WORK TASK: Return the line containing "Seascape, Kunstmalerei von" and every line beneath it through the end of the entries below, unchanged. Pictures stay out.

Collected data entries:
######

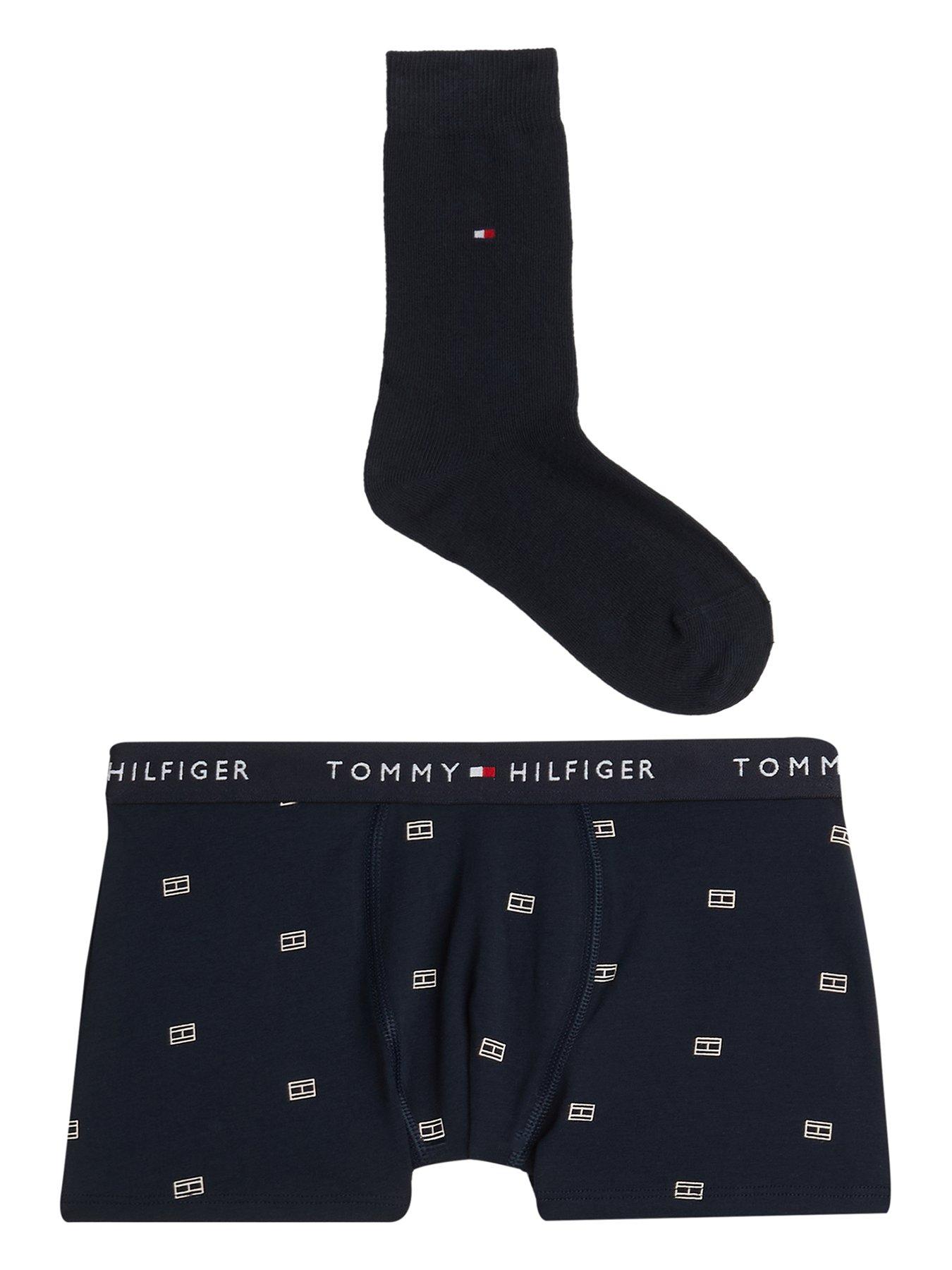 tommy-hilfiger-boys-gift-set-trunk-amp-socks-boxed-navy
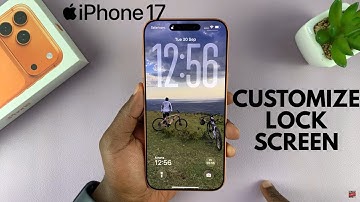 How To Customize Lock Screen Of iPhone 17 / 17 Pro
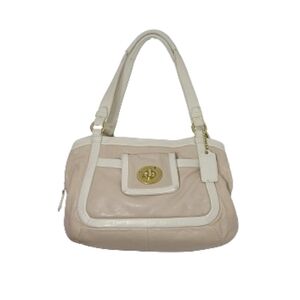 COACH Cricket Leather Bag Carryall Purse Handbag Shoulder Bag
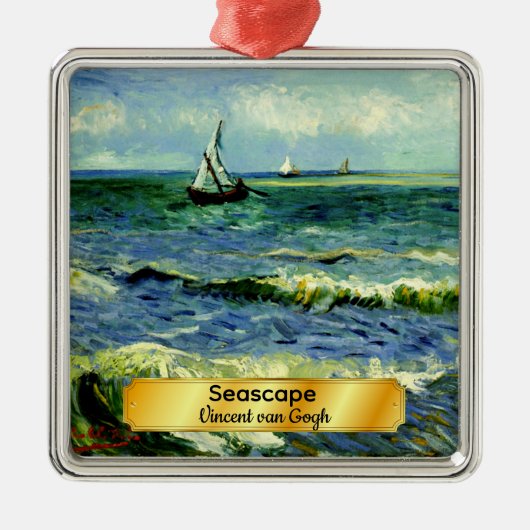 Seascape, Kunstmalerei von Van Gogh Ornament Aus Metall (Vorne)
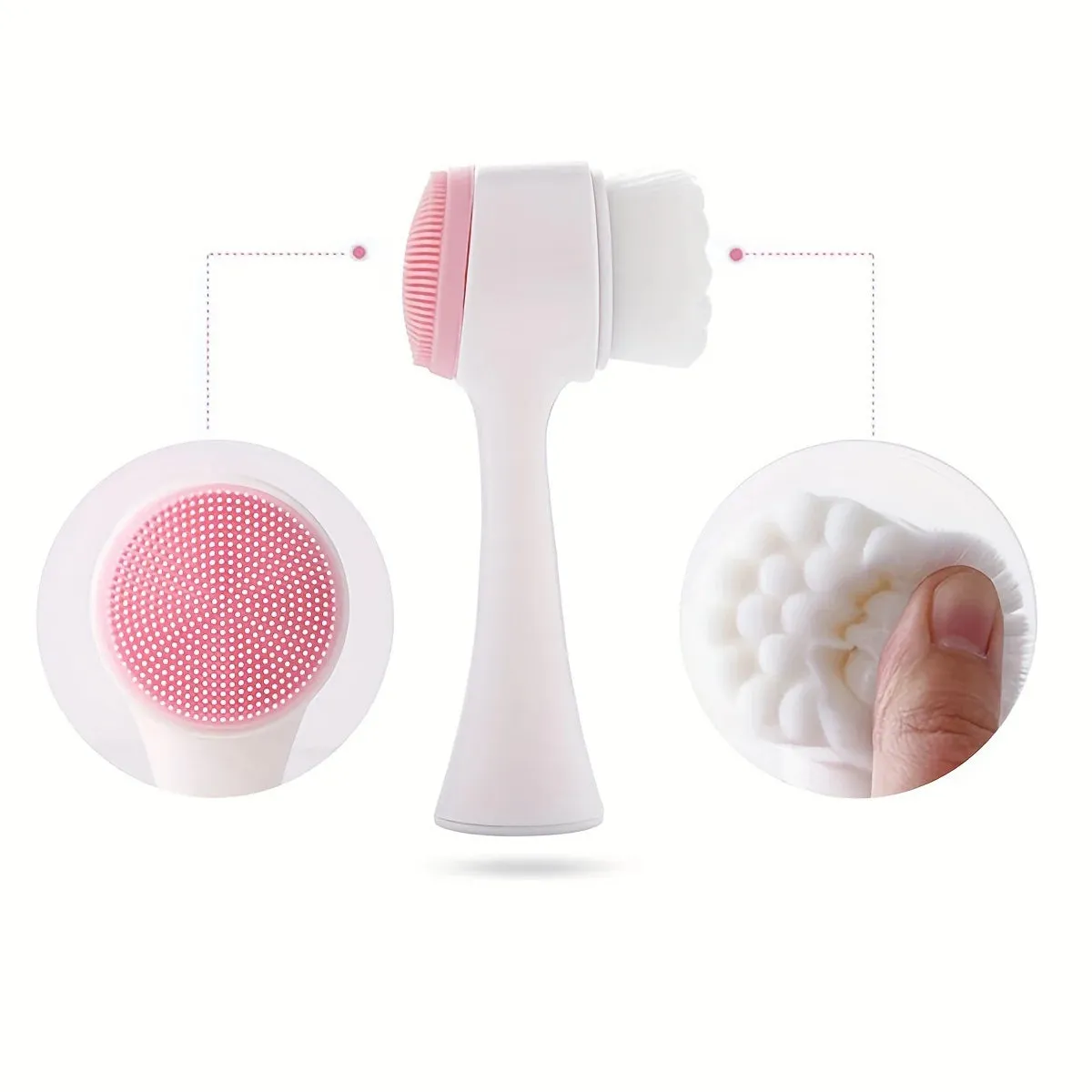 Kawaii Silicone Pet Paw Spa 🐾✨ - Dual-Sided Dog Grooming Brush for Happy Coats & Claws 🐶💖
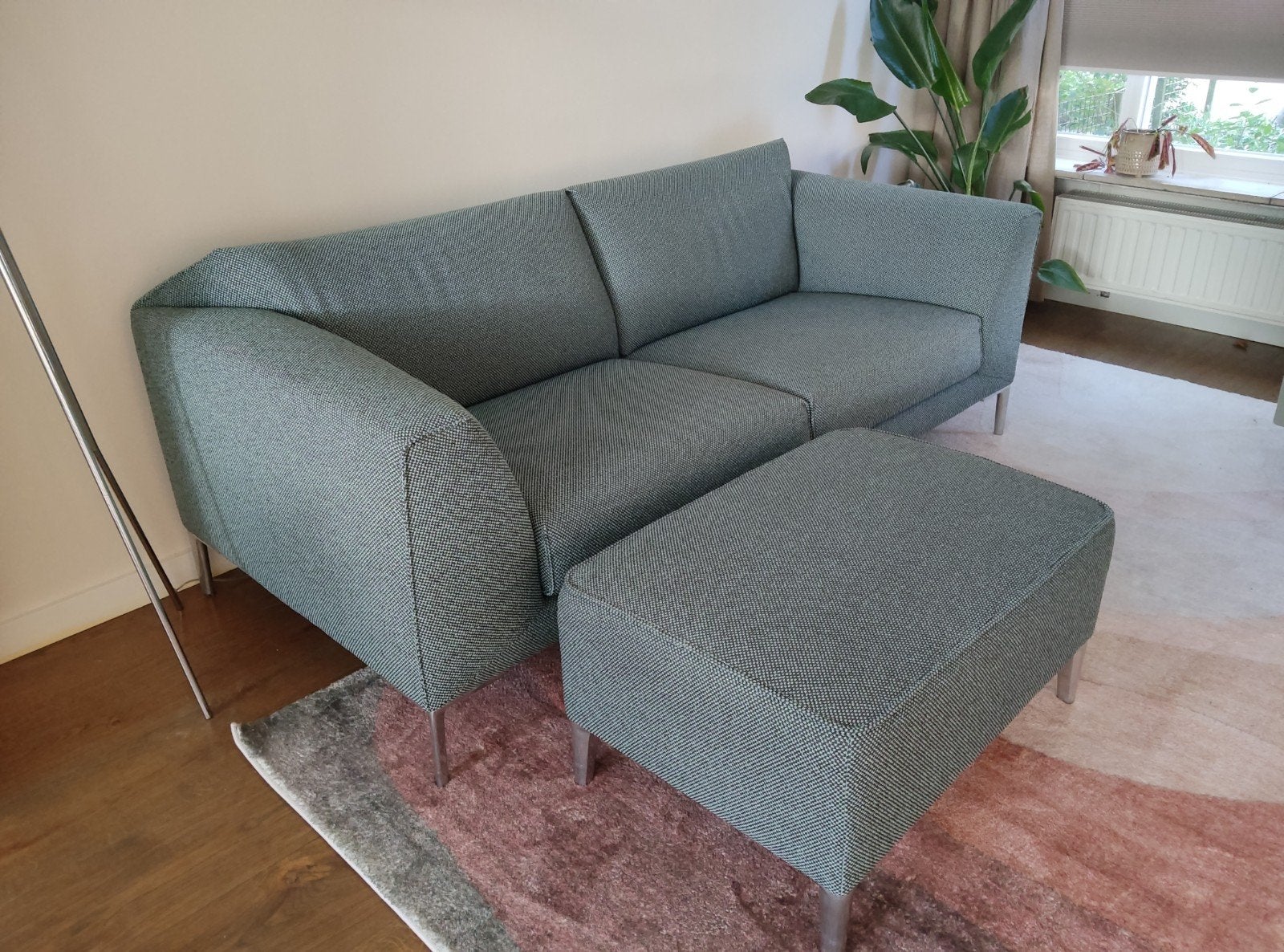 Pode Fold bank met hocke - unieke kleur mintgroen - Z.g.a.n., Huis en Inrichting, Banken | Bankstellen, Tweepersoons, 75 tot 100 cm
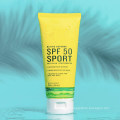 Crème solaire de sport SPF 50 à la pastèque végétalienne personnalisée d&#39;OEM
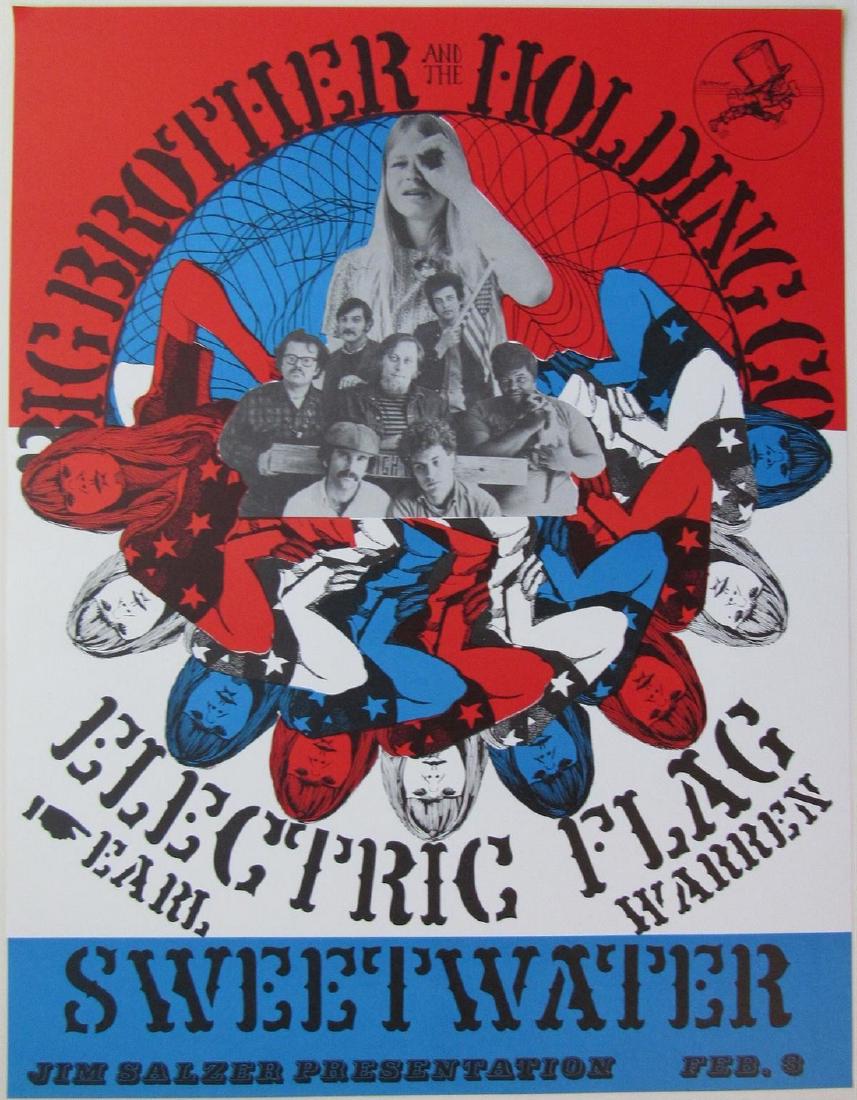 Big Brother & the Holding Company - JIM SALZER POSTER (1 of 1)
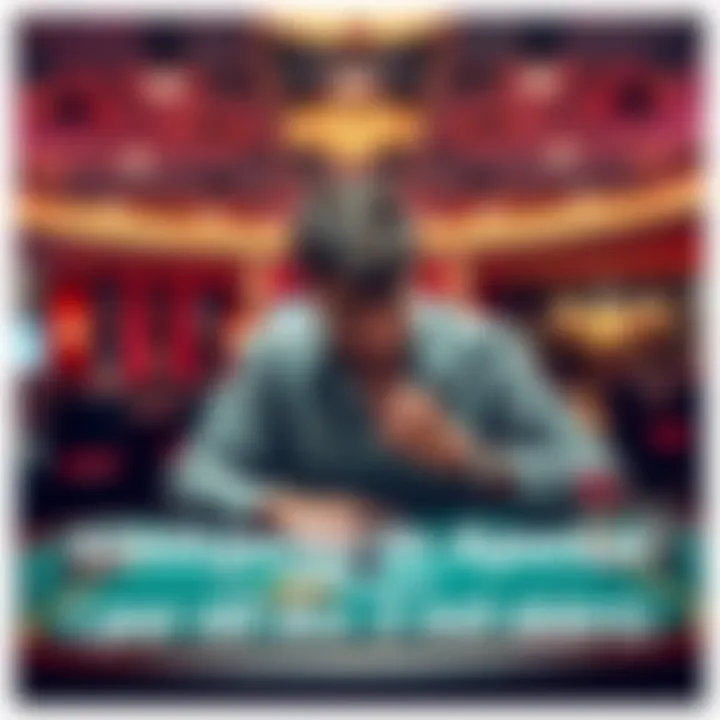 A man looking upset while sitting at a betting table with a small amount of money in front of him, reflecting on his recent losses.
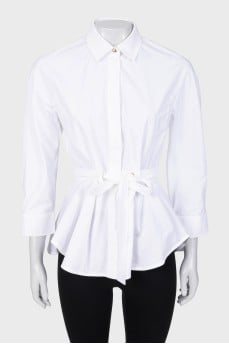 White blouse with a belt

######

SOLUTION FOR THIS TASK:
 Seascape, Kunstmalerei von Van Gogh Ornament Aus Metall (Vorne)
 Kawaii Silicone Pet Paw Spa 🐾✨ - Dual-Sided Dog Grooming Brush for Happy Coats & Claws 🐶💖
 Pode Fold bank met hocke - unieke kleur mintgroen - Z.g.a.n., Huis en Inrichting, Banken | Bankstellen, Tweepersoons, 75 tot 100 cm
 Crème solaire de sport SPF 50 à la pastèque végétalienne personnalisée d&#39;OEM
 Big Brother & the Holding Company - JIM SALZER POSTER (1 of 1)
 A man looking upset while sitting at a betting table with a small amount of money in front of him, reflecting on his recent losses.
 White blouse with a belt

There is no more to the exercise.